Thursday, 21 November 2013
Friday, 11 October 2013
My talk was billed as a workshop so there was a fair amount of interaction, questions and inputs from the audience. In my final slide I concluded that it was important that infrastructure improvements went hand in hand with other measures to encourage cycle use such as Bikeability training, route mapping, skills training for engineers, publicity, led social rides and events such as Sky Ride.
This latter point seemed to be surprisingly controversial. The opening gambit from a member of the audience being 'I don't see what riding about on closed roads in helmets and hi viz has to do with everyday cycling'. It seems, that in the opinion of at least one campaigner, the thousands of people inspired to turn up to such events are in some way 'less worthy' than others. On the one hand I can sympathise with this, apart from racing and a few local CTC events I tend to avoid most forms of 'organised cycling'. To me it seems a bit of a waste of money to pay £25 to ride a sportive when you can just go and ride the same roads for free and have money for beer and cakes instead.

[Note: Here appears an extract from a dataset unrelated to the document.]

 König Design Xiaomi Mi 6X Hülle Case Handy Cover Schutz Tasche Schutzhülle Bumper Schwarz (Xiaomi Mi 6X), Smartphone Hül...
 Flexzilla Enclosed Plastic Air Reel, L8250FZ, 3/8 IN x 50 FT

On the other hand (and this was reinforced by my experience of working with the Cycling Towns for Cycling England and more recently sitting with the LSTF team in Birmingham Council), cycling is an alien and scary concept to many people. They really do want the reassurance of closed roads and an organised event, and of course most of us get some sort of 'buzz' from taking part in something with lots of other people. Most of all its a fun day, and the underlying message is that you could have this much fun on a regular basis. Sky Ride may only yield a small number of new regular commuter cyclists per event, but it is raising the profile of cycling and attracting large numbers of riders in a way that smaller events can't, and for one day a year streets that are normally full of cars are given over to the bicycle, which can't really be a bad thing can it?

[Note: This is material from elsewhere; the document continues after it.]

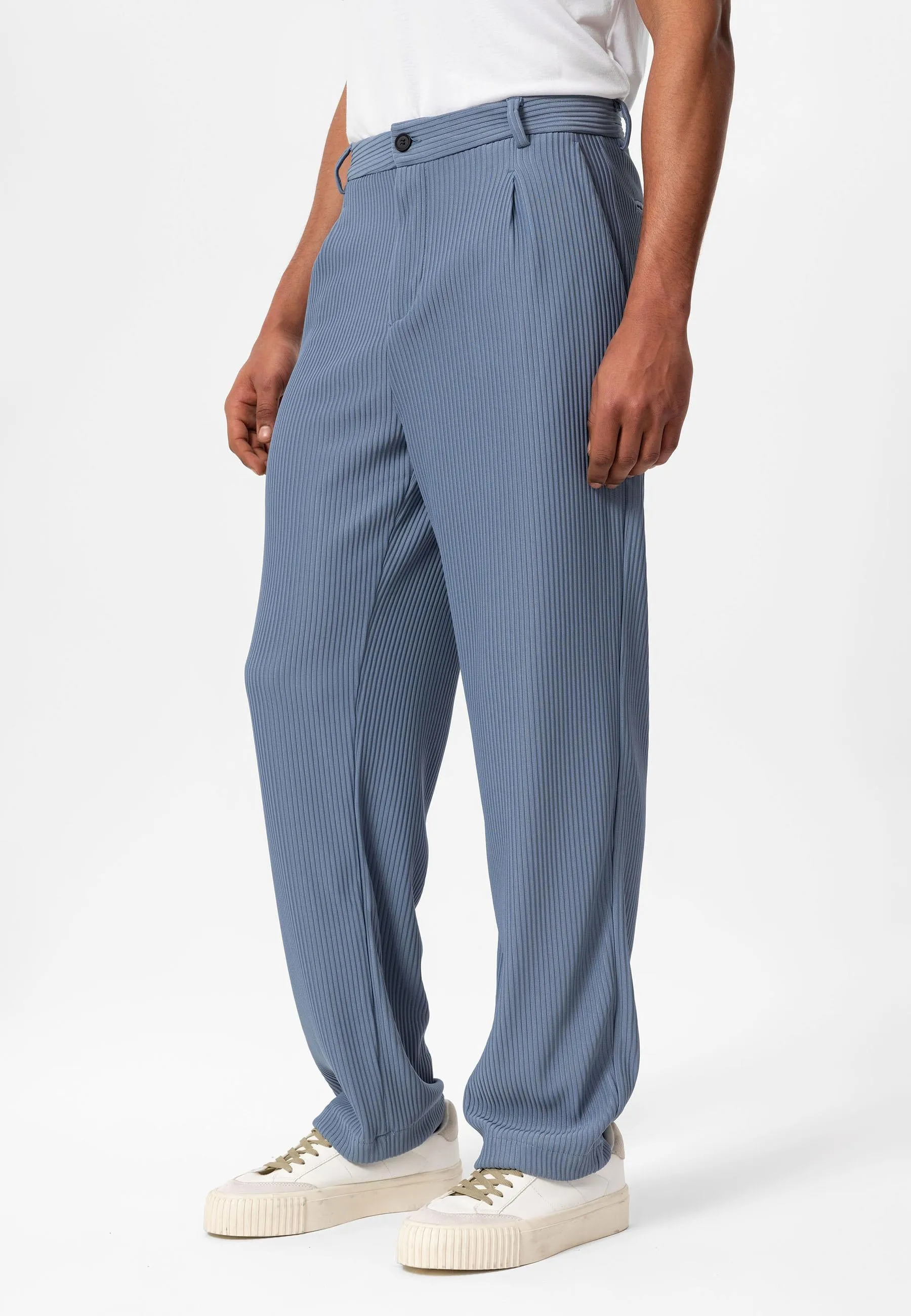 Men's Indigo Ribbed  Pants - Wessi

Cyclists seem particularly prone to division. We have the various 'national bodies' British Cycling, CTC, Sustrans most prominently, but also the Road Time Trials Council which pre-dates the controversial re-birth of massed start road racing in the UK in the 1950s which eventually led to the formation of British Cycling from the warring factions of the British League of Racing Cyclists and the National Cyclists Union. Families and clubs were split asunder by those who wanted to join the 'League' and be like the continentals, and the modest black-clad secretive British world of early morning time trials. Similarly the Clarion movement offered a socialist alternative to the 'gentleman's club' types in the early CTC. My neighbour, a rabid mountain biker, has a deep suspicion of 'roadies'. Asked whether he'd consider cyclo cross he said, "Really, to me that's just sitting on the fence, you're neither a roadie or a mountain biker!" Cycle campaigners also seem to fall into those who want more people to cycle, and therefore reach out to non/novice cyclists and those who want to make things better for existing cyclists, as well as divisions about what is required to achieve their aims. Obviously we need all types of campaigner, so this shouldn't be seen as a problem.

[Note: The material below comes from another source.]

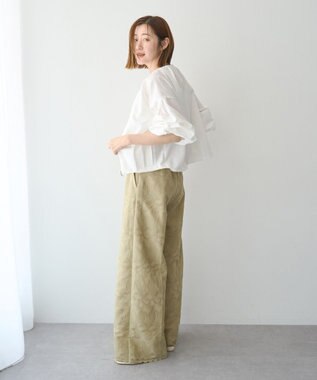 YECCA VECCA ホイップスリーブZIPジャケット Off White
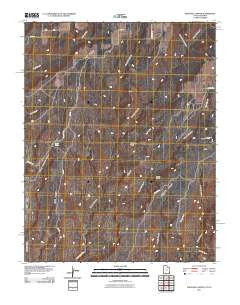 Papoose Canyon Utah Historical topographic map, 1:24000 scale, 7.5 X 7.5 Minute, Year 2011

My own cycling activity since August. What type of cyclist am I? Two weeks cycle camping tour, 6 mile round trip to the railway station most days, 8-10 hours training on local roads, bridleways or extended commute rides each week, racing in the local cyclo cross league and Three Peaks race, doing site visits and travel to meetings as part of my consultancy work and often picking up some shopping on my way home. This weekend I covered 50 miles on Friday working in London on a site visit, an hour on local bridleways on Saturday and just got in from a 2 hour road ride today (Sunday). Is any one of these activities really 'better' than others. For most the alternative would be a car trip or sitting around doing something 'sedentary' but then I drive to races so that's arguably an extra car trip, and its one of the few times we actually use a car in our household.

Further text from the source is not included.